### Task statement
What is wanted is every line below from the one with "Kurv Kaffekapselholdere Kaffekapselholdere" up to and including the one with "DO+BE Black Mini", retyped exactly, pictures excluded, nothing else.

### Extracted information
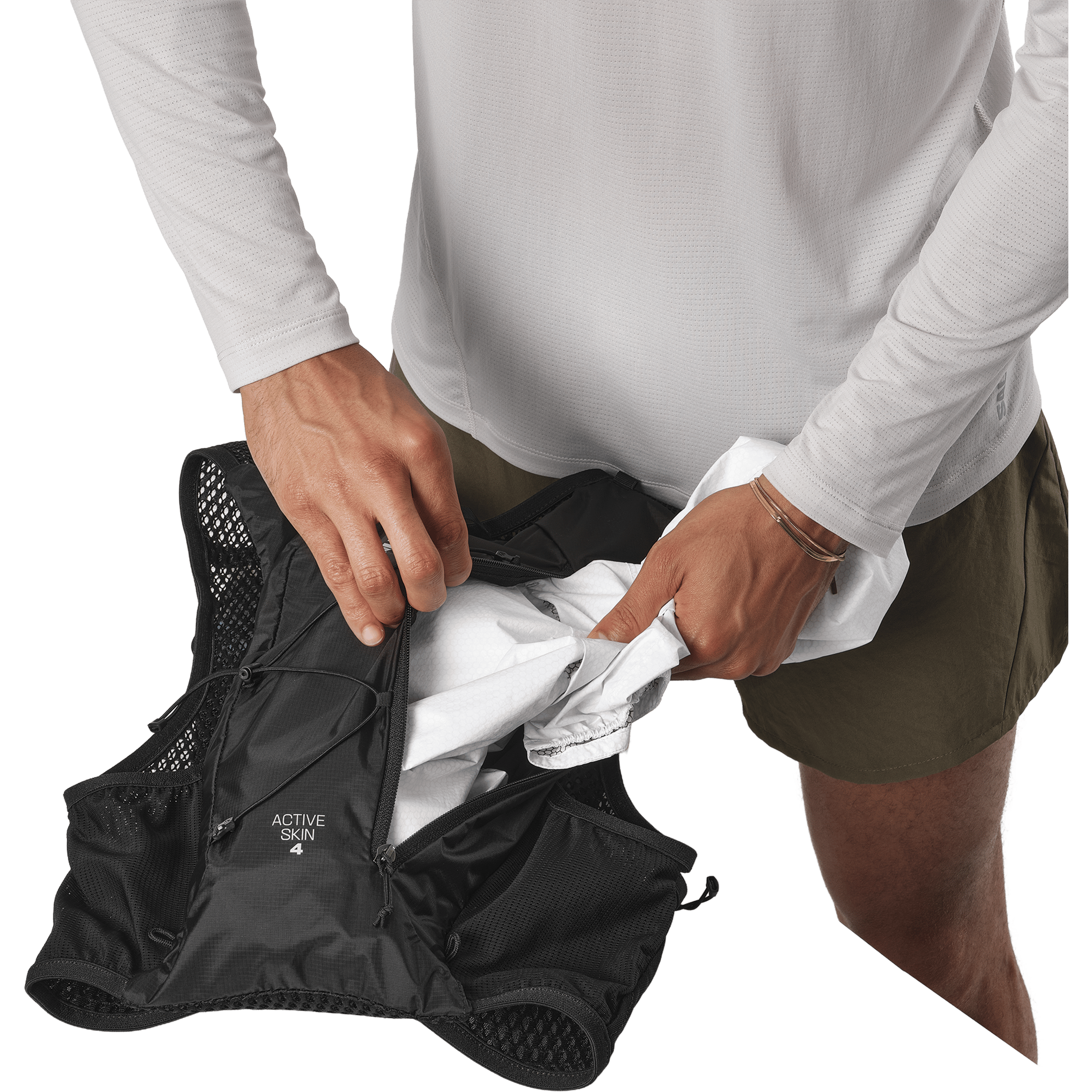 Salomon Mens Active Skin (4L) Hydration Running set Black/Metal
...
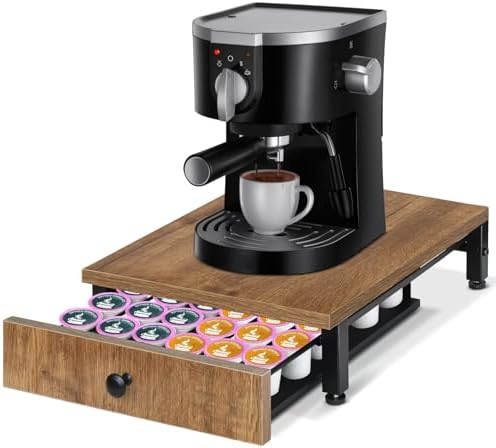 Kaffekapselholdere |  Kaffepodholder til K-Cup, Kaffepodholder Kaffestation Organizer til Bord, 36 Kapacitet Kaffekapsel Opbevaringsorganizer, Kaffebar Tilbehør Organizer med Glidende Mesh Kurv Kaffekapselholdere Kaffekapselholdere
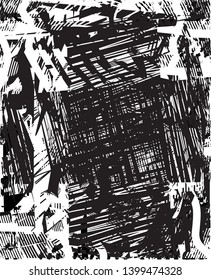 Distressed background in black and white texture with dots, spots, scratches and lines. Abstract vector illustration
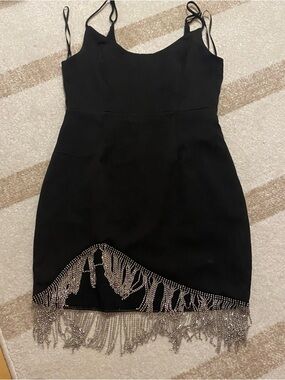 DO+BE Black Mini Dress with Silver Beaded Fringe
==
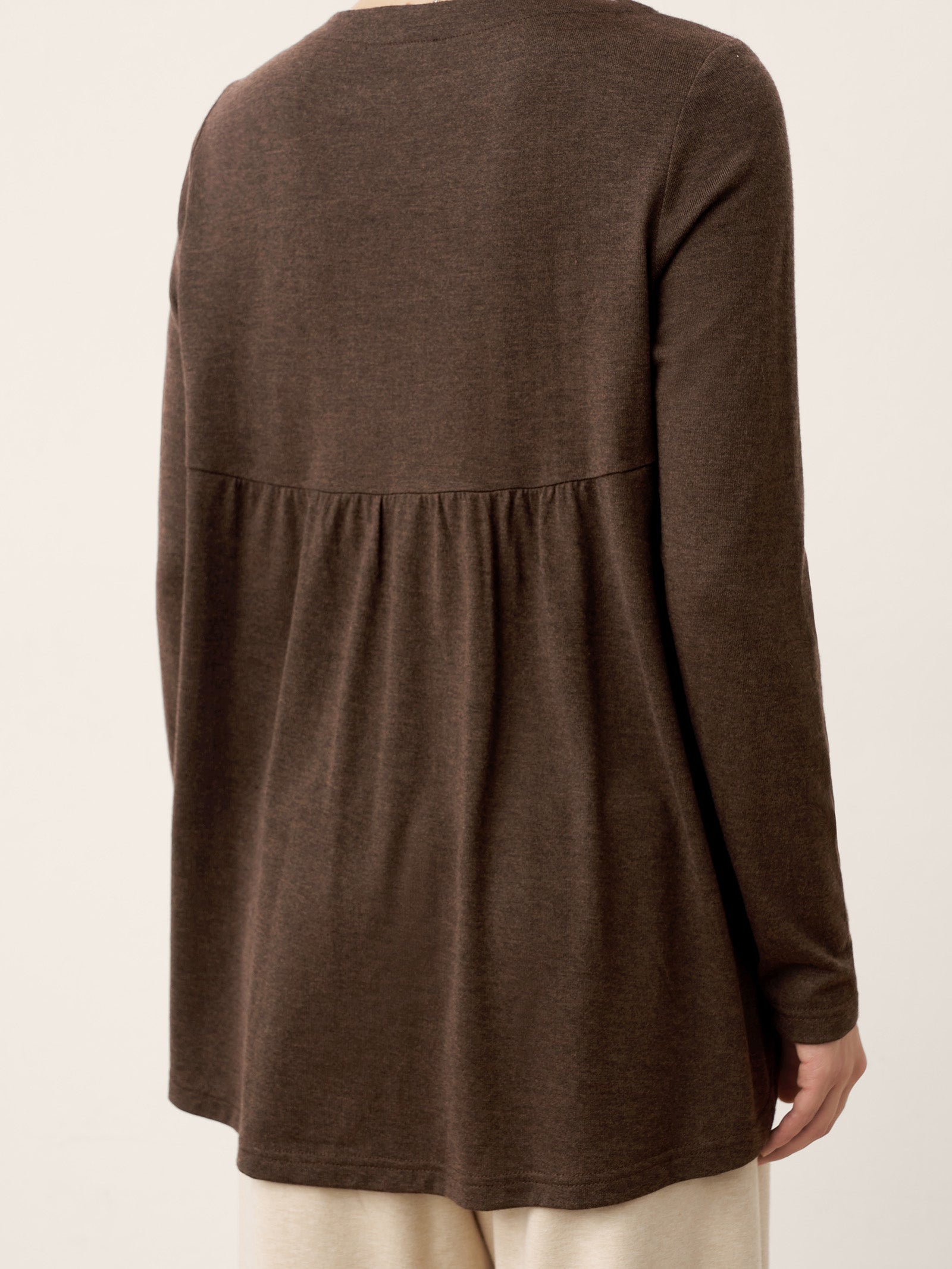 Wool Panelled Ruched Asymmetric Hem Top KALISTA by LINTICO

### Solved exercise
 Kaffekapselholdere |  Kaffepodholder til K-Cup, Kaffepodholder Kaffestation Organizer til Bord, 36 Kapacitet Kaffekapsel Opbevaringsorganizer, Kaffebar Tilbehør Organizer med Glidende Mesh Kurv Kaffekapselholdere Kaffekapselholdere
 Distressed background in black and white texture with dots, spots, scratches and lines. Abstract vector illustration
 DO+BE Black Mini Dress with Silver Beaded Fringe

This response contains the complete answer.